Circuit Breakers — Beyond the Basics

Most engineers learn circuit breakers from the same diagram — closed, open, half-open — and then use them wrong in production. This article is about the second 90% — tuning, interaction with other patterns, and the failure modes nobody mentions.

The quick recap

Closed — normal; calls flow through
Open — failing; calls fail fast immediately
Half-open — probing; a few test calls go through to see if things recovered

The breaker trips (closed → open) when failures exceed a threshold. It waits a configured duration, then enters half-open to test. A successful probe closes the circuit; a failure re-opens it.

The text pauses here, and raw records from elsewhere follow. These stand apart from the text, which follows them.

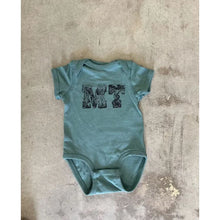 The Montana Scene- MT Outdoor Onesie - Basil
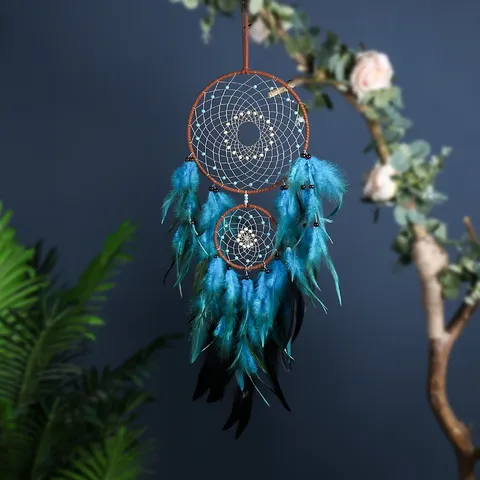 Handgemachte Feder Traumfänger Native American Stil Wandbehang Dekor Ring Windspiel Für Schlafzimmer Zuhause Zimmer Dekoration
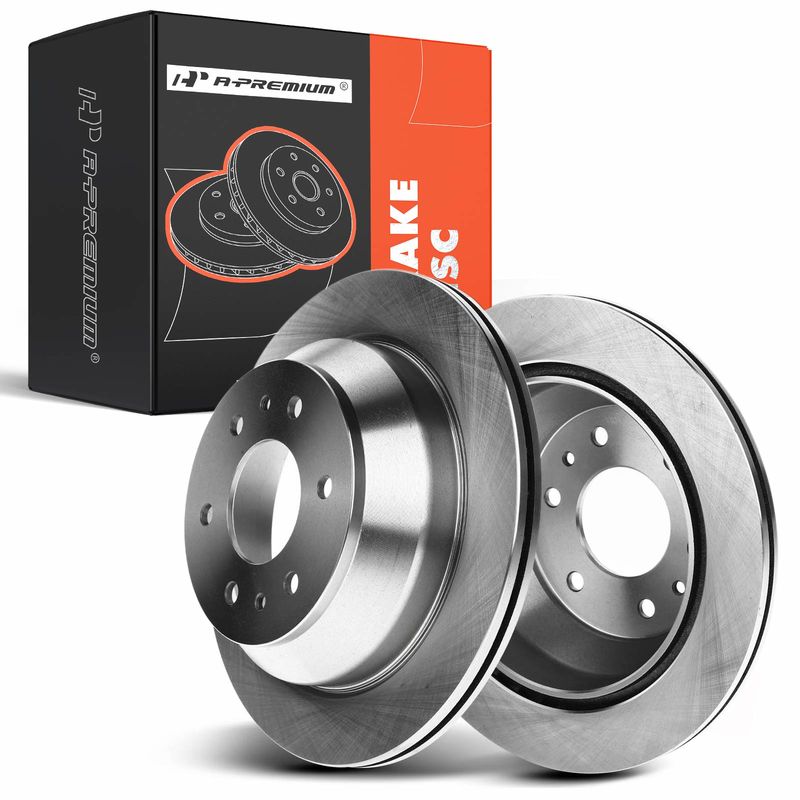 Rear Disc Brake Rotors for Chevrolet Trailblazer 02-09 GMC Buick Oldsmobile Saab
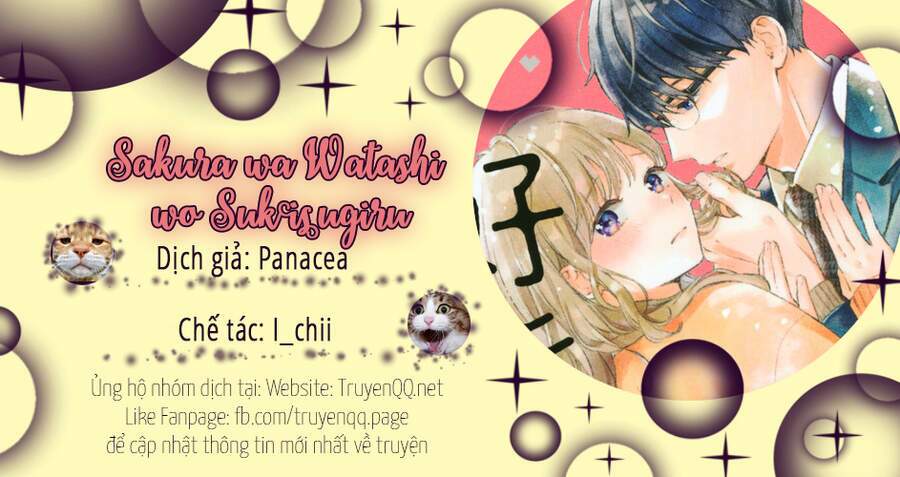 Sakura Wa Watashi Wo Sukisugiru: Chapter 1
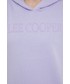 Bluza Lee Cooper bluza damska kolor fioletowy z kapturem z aplikacją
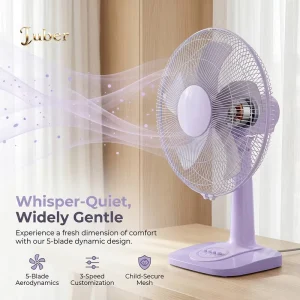 Table Desk Fan Free Spare Parts Electricity Ac Dc Portable Retro Oscillating Metal Table Fan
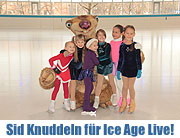 Fototermin mit Sid: Das berühmte Faultier macht Werbung für Ice Age Live - in Olympiahalle München vom 06.02.-09.02.2014  (©Foto: Martin Schmitz)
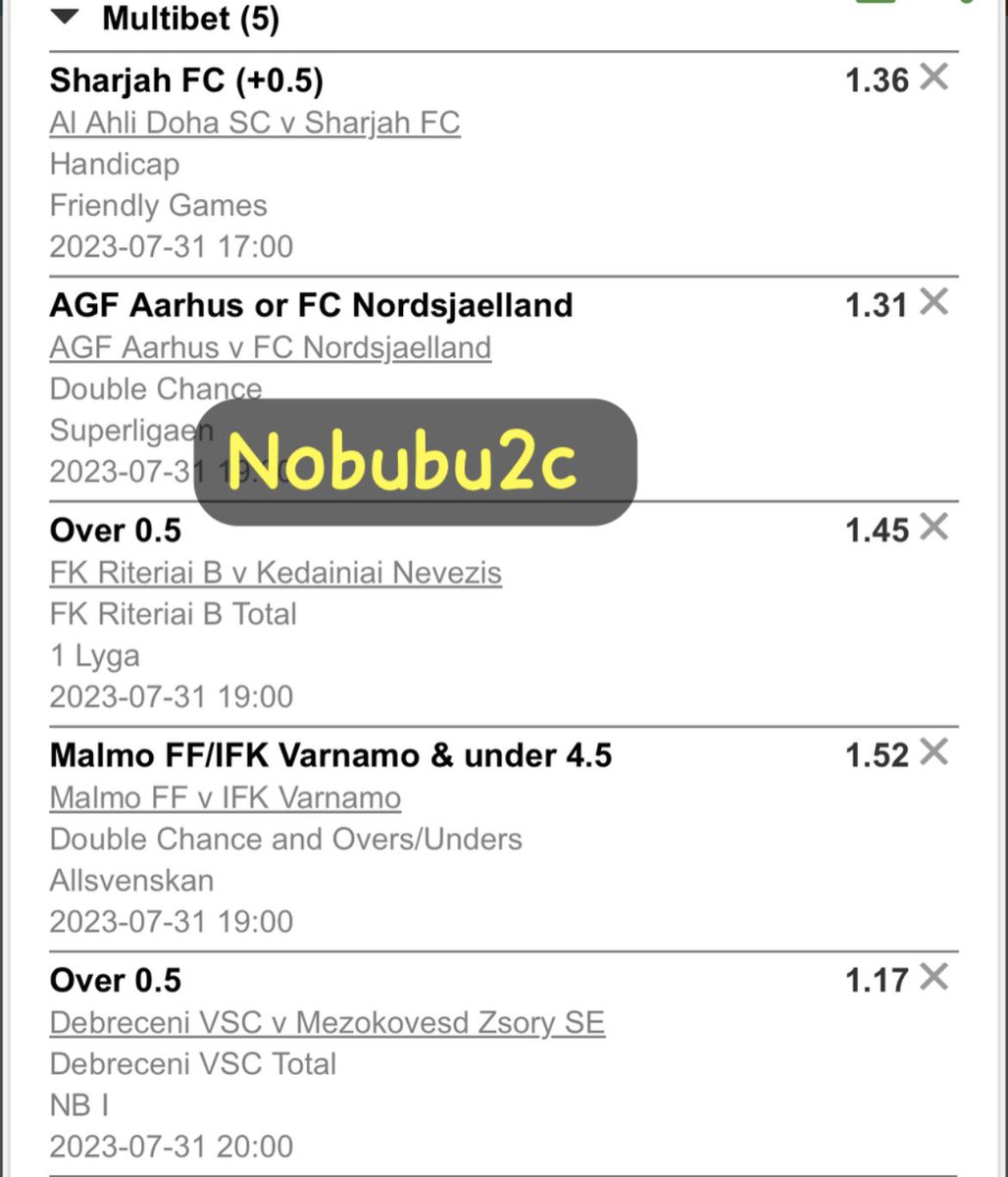 Nobuhle2C's tweet image. X52E52C45 #5ishodds #lowodd #betwaycode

Tuning parameters that matter

Default Resilience4j config:

resilience4j:
  circuitbreaker:
    instances:
      payments:
        failure-rate-threshold: 50                # % of calls that are failures to trip
        sliding-window-size: 100                  # calls in the window
        minimum-number-of-calls: 10               # min calls before the rate matters
        wait-duration-in-open-state: 60s          # how long to stay open
        permitted-number-of-calls-in-half-open-state: 5   # test calls when half-open
        slow-call-duration-threshold: 2s          # slow calls count as failures
        slow-call-rate-threshold: 100             # % of slow calls that triggers

What each actually does:

sliding-window-size + minimum-number-of-calls. You want enough samples to be statistically meaningful. Tripping after 3 failed calls is overreactive; tripping after 10,000 is too slow. For typical service-to-service calls at moderate load: 50-100 window, 10-20 minimum.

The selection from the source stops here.